On the Eco Brooklyn job sites we have certain green building concepts that we use. They are mostly coined by me to help the crew and clients understand what Eco Brooklyn’s core goals are. They are easy rallying points to help us all stay on track.
These terms can be searched on this site for more details. Here they are in short:
Build It Forward
We have been given a gift by the builders who originally built brownstones. They are wonderful structures. Our job as green builders is to be custodians of those brownstones and build them forward, meaning we build so that our work is a gift to future generations. This means we build with value, longevity and integrity – all sustainable concepts. We don’t build crap that saps the resources for future generations rather we add value and store that value in the brownstone.
Zero Brownstone
A zero brownstone has been renovated along certain low waste, low consumption and energy efficient principles. During the deconstruction phase (aka demo phase) zero waste is created. All “waste” is salvaged and organized so that it can be reused onsite or on another job. During the rebuilding phase no new materials are bought. Everything we put back into the brownstone is salvaged or recycled. The final brownstone is built using energy efficient techniques so that it consumes no energy off site.

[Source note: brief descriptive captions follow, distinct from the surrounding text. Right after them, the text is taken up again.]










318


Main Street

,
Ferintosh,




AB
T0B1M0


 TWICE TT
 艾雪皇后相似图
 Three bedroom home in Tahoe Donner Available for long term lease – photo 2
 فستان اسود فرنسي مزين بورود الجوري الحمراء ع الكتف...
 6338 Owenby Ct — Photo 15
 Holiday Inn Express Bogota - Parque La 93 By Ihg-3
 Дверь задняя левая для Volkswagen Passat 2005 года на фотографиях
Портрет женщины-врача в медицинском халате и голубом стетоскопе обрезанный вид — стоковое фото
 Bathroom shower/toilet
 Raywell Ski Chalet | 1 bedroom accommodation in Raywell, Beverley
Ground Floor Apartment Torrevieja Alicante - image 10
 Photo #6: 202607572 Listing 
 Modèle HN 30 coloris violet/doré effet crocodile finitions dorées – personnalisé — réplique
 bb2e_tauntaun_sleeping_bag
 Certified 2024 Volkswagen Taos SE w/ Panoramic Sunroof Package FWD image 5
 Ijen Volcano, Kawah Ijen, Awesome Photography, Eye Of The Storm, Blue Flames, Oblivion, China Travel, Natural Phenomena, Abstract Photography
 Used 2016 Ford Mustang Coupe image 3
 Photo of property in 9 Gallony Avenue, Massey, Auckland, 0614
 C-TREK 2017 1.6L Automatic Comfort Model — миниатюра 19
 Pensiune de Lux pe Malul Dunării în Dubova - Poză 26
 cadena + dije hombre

Firstly it consumes very little energy due to good design – insulation, solar design, energy efficient appliances – and the energy it does consume is generated onsite via PV, Solar Thermal or geothermal. The brownstone is also designed to create zero waste via gray water, composting food scraps and toilet waste. These are lofty goals but with each renovation we perfect the process further.
The City Provides
This concept plays on the idea of abundance. The city has everything we need via dumpsters, other job sites, craigslist, and throwaways. We treat the city as our big momma who provides us with everything we need to turn it green. When we need something instead of presuming our only resource is a store we presume the resources are just around the corner.
Harvest the City
Along the same lines as The City Provides, Harvest the City revives the idea of old fashioned harvesting of nature. It helps us see the city as a biological entity rather than a dead layer of concrete and steel. The city is our field from which we harvest resources – again from other dismantled buildings, dumpsters etc. The city is also under our custodianship so that it continues to provide a bountiful harvest – we manage the resources intelligently and share then with others so they are maximized.
Gotham Forest
This is not my term. The Gotham Forest is the millions of board feet of timber sequestered away in our buildings. About a hundred years ago forests of old growth trees were cut down to build New York. This ancient wood sits in our buildings protected and ready for reuse. Each time we dismantle a building for another use or for an upgrade we get access to this amazing wood. It should provide us with wood for a long time to come.
Eco Brooklyn has yet to buy new wood. We have not bought any new flooring, studs, joists or molding. Yet we build mostly with wood since it is harder to salvage metal. We do this thanks to the abundance of wood it old New York and Brooklyn brownstones.
Guerrilla Green Building
I mentioned this during an interview once and it was published. Only then did I realize how key this is to Eco Brooklyn’s model. Guerrilla Green Building is what allows Eco Brooklyn to build green while keeping our costs low and making a large impact. Basically we turn green building into a political ethical enterprise and not merely another consumer market.
Eco Brooklyn has shattered the connection between high costs and green building because we source our materials differently than other wanna be green builders. Their idea of building green is buying green. There are countless companies who have met the demand for green stuff. And they charge a premium because there is limited competition and the volume is still low. But that is still stuck in the old model of consumerism, which is the root of our ecological crisis.
Eco Brooklyn practices Guerrilla Green Building by not only changing how we build but also “why” we build and how we source. We build not only because it is a great business opportunity but because it transforms how business is done for the better. We are Turning Brooklyn Green and by connection the world. That is the why.
The sourcing – dumpsters, salvage etc – is more than a practical way to save money. It is a direct snub of consumer practices, something we believe needs to be drastically reduced if we are going to save the planet. The director of corporate sales at Lowes is a business friend of mine. But he jokes that Eco Brooklyn is his worst client. And we are. We are determined to minimize what we buy new.
Turn Brooklyn Green
This is the daily ongoing goal of Eco Brooklyn. It is our mantra, the meter with which we keep ourselves on track. It is a simple localized focus that is very easy to gauge. Do our decisions help turn Brooklyn green? Will building this wall help turn Brooklyn green? Will this job help turn Brooklyn green? With this guide we stay focused on a mission that is easy to rally around and easy to feel you are making progress on a daily basis. It makes it easy for us to feel we have a purpose in life, easy to feel good about what we are doing.
Triple Bottom Line
This is not my term. The triple bottom line is another easy metric. Do our actions benefit People, Planet and Profit? Again we ask ourselves this on an ongoing basis. You can expand and contract the scale depending on the situation and make the focus global or very localized to one job situation. Basically does it help the people involved, the planet and does it make profit (or savings) for the people involved (workers, clients, neighbors, people in China etc).